COLLECTED DATA:
BEGIN

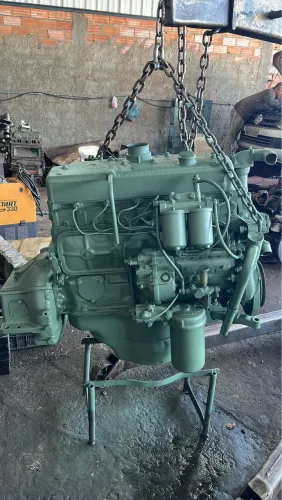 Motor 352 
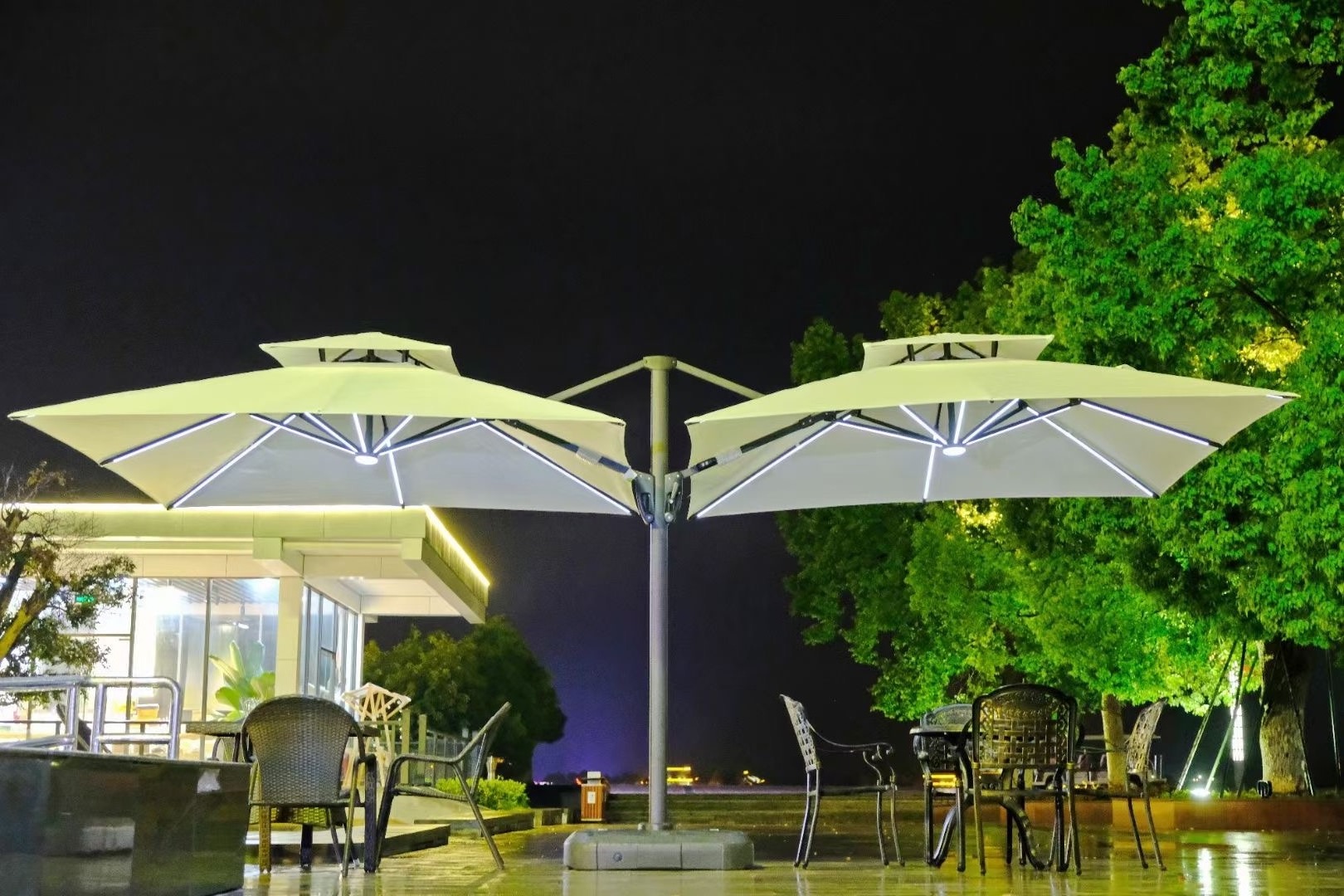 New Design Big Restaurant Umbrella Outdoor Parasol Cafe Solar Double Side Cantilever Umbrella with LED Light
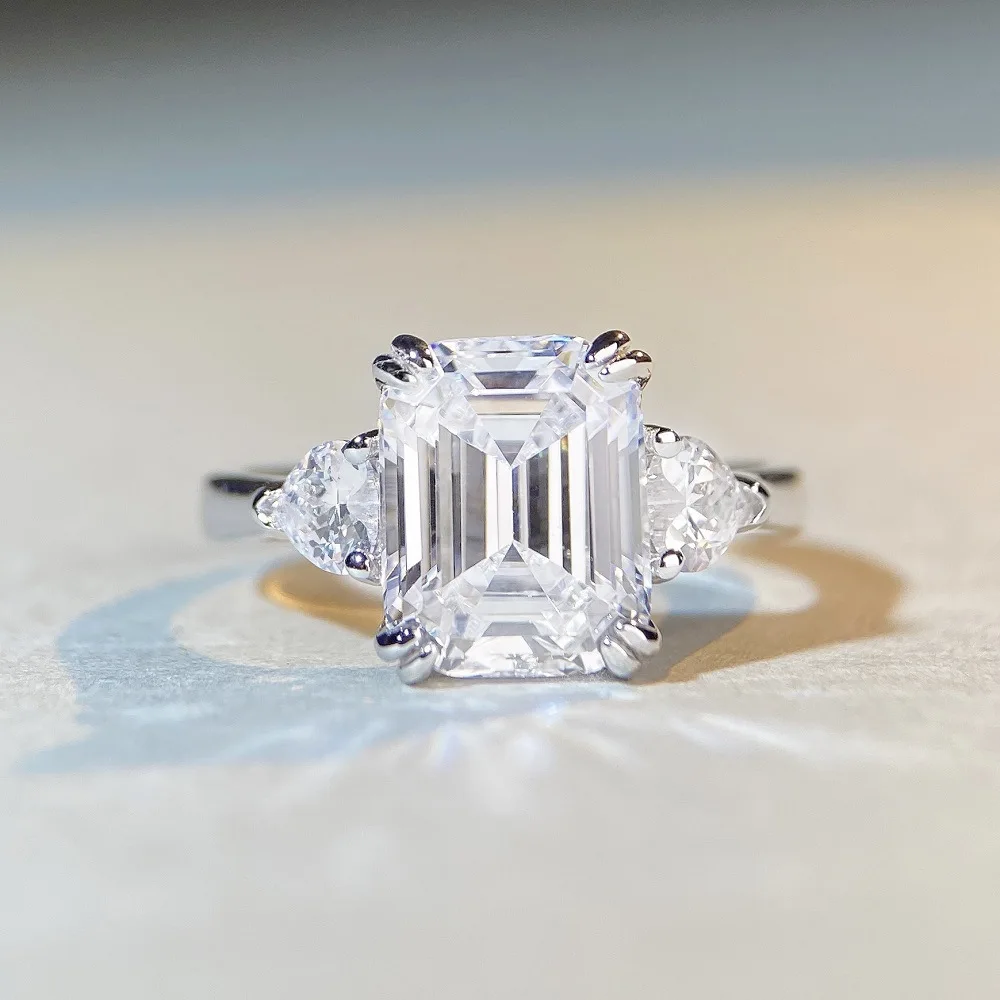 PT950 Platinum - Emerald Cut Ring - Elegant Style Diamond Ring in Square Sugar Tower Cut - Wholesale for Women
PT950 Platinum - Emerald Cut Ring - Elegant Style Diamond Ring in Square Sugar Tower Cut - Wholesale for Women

END

WHAT YOU ARE ASKED TO DO: Nothing but the lines from the one that contains "New Design Big" through the last line of the material should be written out, exactly. Omit pictures.

OUTPUT OF THE EXERCISE:
 New Design Big Restaurant Umbrella Outdoor Parasol Cafe Solar Double Side Cantilever Umbrella with LED Light
 PT950 Platinum - Emerald Cut Ring - Elegant Style Diamond Ring in Square Sugar Tower Cut - Wholesale for Women
PT950 Platinum - Emerald Cut Ring - Elegant Style Diamond Ring in Square Sugar Tower Cut - Wholesale for Women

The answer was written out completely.